The Washington Square Park rally, likely because of its working person-friendly evening start time, trounced A Day Without a Woman in terms of attendance. But the intersectional feminist message was much the same, if slightly more specific and diverse in its presentation. A vast array of activists representing the transgender community, the labor movement, union organizers, pro-Palestinian groups, sex workers, Black Lives Matter, incarcerated women of color and many others took the stage, each emphasizing both women's oppression and their crucial social role. And, in many cases, a venomous disdain for the president.
"Where I come from, women choose our leadership," Betty Lyons, President and Executive Director of the American Indian Law Alliance, said in her speech. "We control that. We set them up, and we can take 'em down. And I'll tell you right now, that bastard in the White House wouldn't be sitting there today if you guys had that privilege as well."
The size of the crowd at Washington Square Park apparently exceeded organizers' expectations, and slowed the chain of events somewhat.

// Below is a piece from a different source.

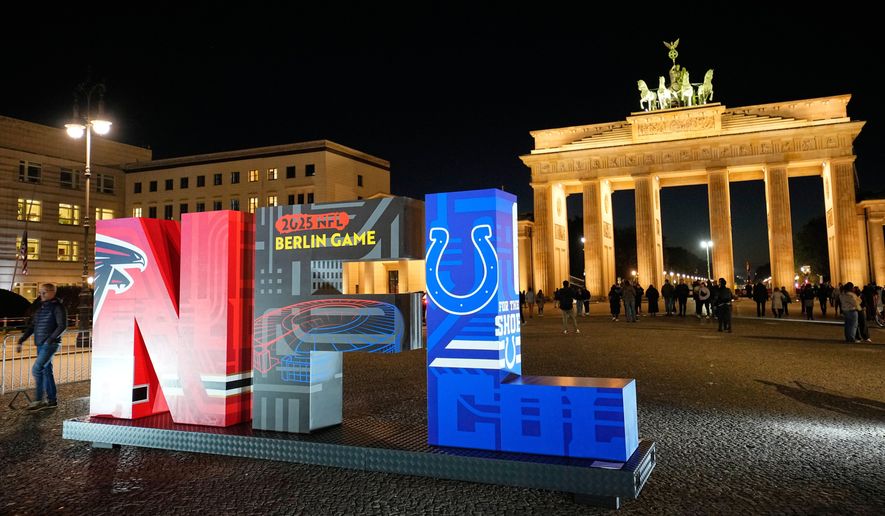 The NFL logo is illuminated in front of the Brandenburg Gate in Berlin, Germany, Thursday, Nov. 6, 2025, during an event promoting the NFL ahead of the upcoming game between the Indianapolis Colts and the Atlanta Falcons. (AP Photo/Martin Meissner)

As the clock ticked closer to six, people began to get audibly antsy, shouting over the speakers onstage, and over quips from fellow demonstrators, that it was time to march. Around dusk, protesters moved from the park to the streets, waving signs and shouting such familiar slogans as "racist, sexist, anti-gay, you can't take our rights away" and "hey hey, ho ho, Donald Trump has got to go."
While crowds at both protests were overwhelmingly female, men did in fact show up throughout the day. Ethan Goldberg, a Ph.D. student in English at CUNY Graduate Center, attended the International Women's Strike rally in support of women's rights.
"I'm a feminist, I guess," Goldberg, who wore cherry red lipstick, explained. His advice to men hoping to be better allies: "Be supportive, be empathetic, try to put yourself in the shoes of women, don't be reactionary, don't be stereotypical men," he suggested.
Perhaps also a swipe of solidarity lipstick?
Tom McKay contributed additional reporting to this story.